Laurie has two sisters.  One of them, Beth, lives in Pittsburgh, and we see her when we do our twice-a-year “Pennsylvania loops” to visit both of our families. The other, Debbi, lives in Massachusetts with her family. We have often visited them at Thanksgiving – a New England Thanksgiving.

When we visit Debbi, we often spend one day in Boston, joining many tourists who visit many tourist attractions there. And one of the still-popular tourist attractions, even though the TV show has only been available in reruns for many years now, is the bar that’s shown on the opening of “Cheers.” Yes, there is a bar called “Cheers” in Boston, just off Beacon Hill – but tourists need to be warned of something before they go there: while the outside of the bar is exactly the same as you see on the opening credits of the TV show, the interior, I’m afraid, was something just created for the show. The real Cheers looks nothing like that inside. The real Cheers, in fact, is more of a restaurant than a bar, with lots of booths and little rooms. I think it even has ferns in it, and regular fans of the show know that Norm and Cliff just hate ferns in a bar.

If you visit the real Cheers, you won’t see the bar where Norm and Cliff sit when they make fun of bars with ferns – or of Diane or Rebecca. You won’t see the pool table; you won’t see the big bell, and the racks of glasses over the bar. You won’t see Norm and Cliff and Sam . . . and you won’t see a little waitress by the name of Carla Tortelli.

Now if you’ve watched  “Cheers” regularly, you know Carla’s last name isn’t always “Tortelli”; she did get remarried at one point. But it was for several years, and it was because she used to be married to a guy named Nick Tortelli. Nick Tortelli . . . was a real loser. There’s no other way to put it, and the show never tried to make us think he was ever anything but a loser. He was rude, and mean, and selfish – the only reason he could even survive as a character on a comedy show is that he was also pretty dumb, so they could make jokes at his expense. He also treated Carla poorly – he would show up every once in a while to say he had changed his ways and that he wanted to make it all up to her, but every time, it was just because he wanted something from her.

Carla had fallen in love with Nick Tortelli way back in high school, though, and they were married for many years, and had several children, and it took a long time for her to finally get over him and not fall for his stories. For years she would finally give in, finally admit that, yeah, she still did love him after all – and then she would get disappointed again. It was inevitable – every time she tried to trust Nick Tortelli, every time she acknowledged her love for him, he would return to his old self and abandon her, and she would be left angry, and hurt, while still loving him. In fact, the reason she was hurt was because she still loved him – if she didn’t care about him at all, it wouldn’t bother her when he screwed up yet again. She got hurt because she always loved him, and because he always messed up.

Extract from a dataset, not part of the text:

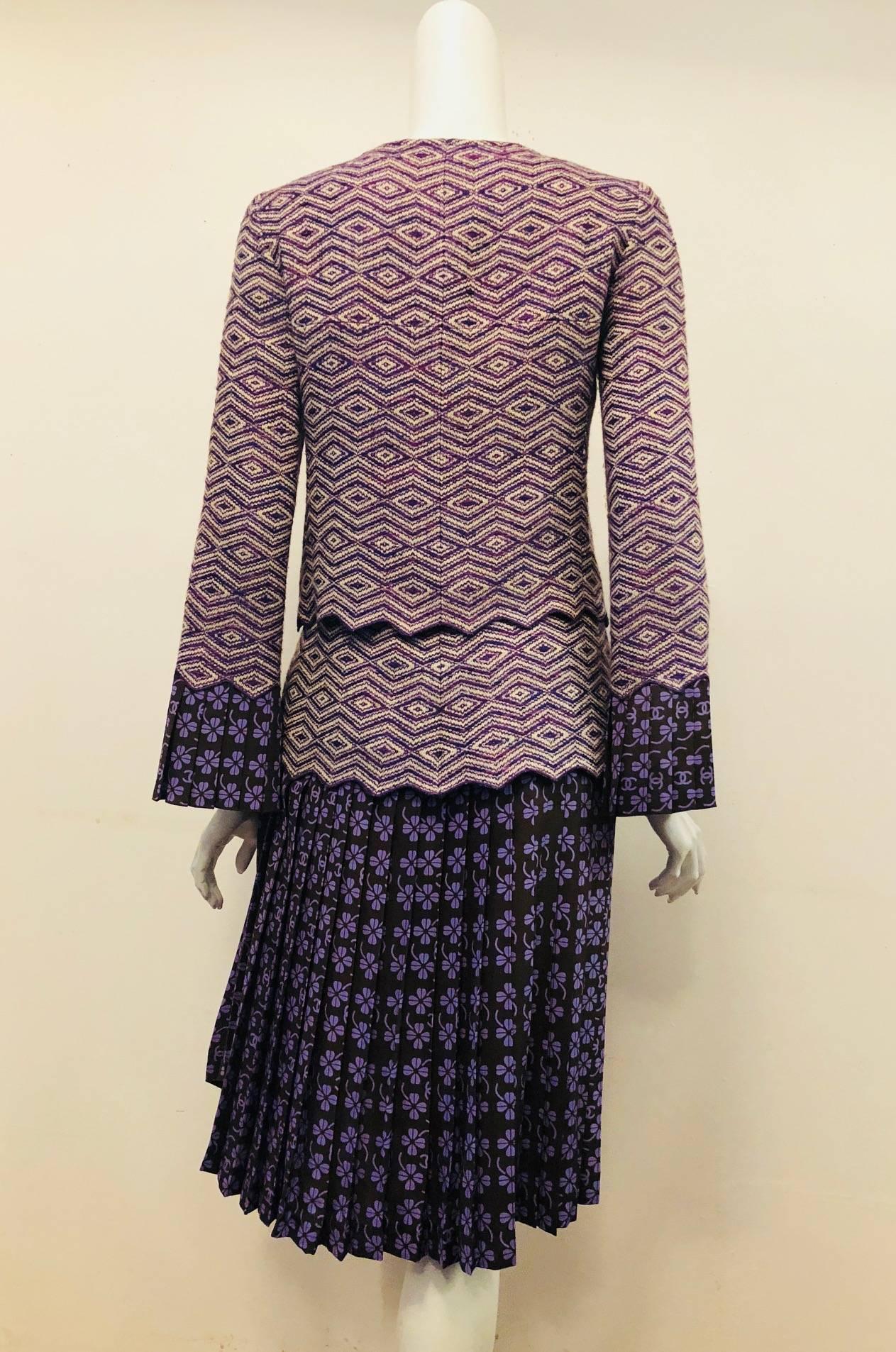 Chanel Spring Purple and Chocolate Silk and Rayon Wool Knit Ensemble 38 For Sale 1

Hosea was a prophet in the 8th century BC, called by God not only to preach to the people of Israel, but also to act out, in his own life, a message that God was trying to send to Israel. God told Hosea to marry a prostitute – in fact, he may have been told to marry her twice – even though he knew that she was going to return to her old ways, that she was going to pull a Nick Tortelli, and end up hurting him all over again.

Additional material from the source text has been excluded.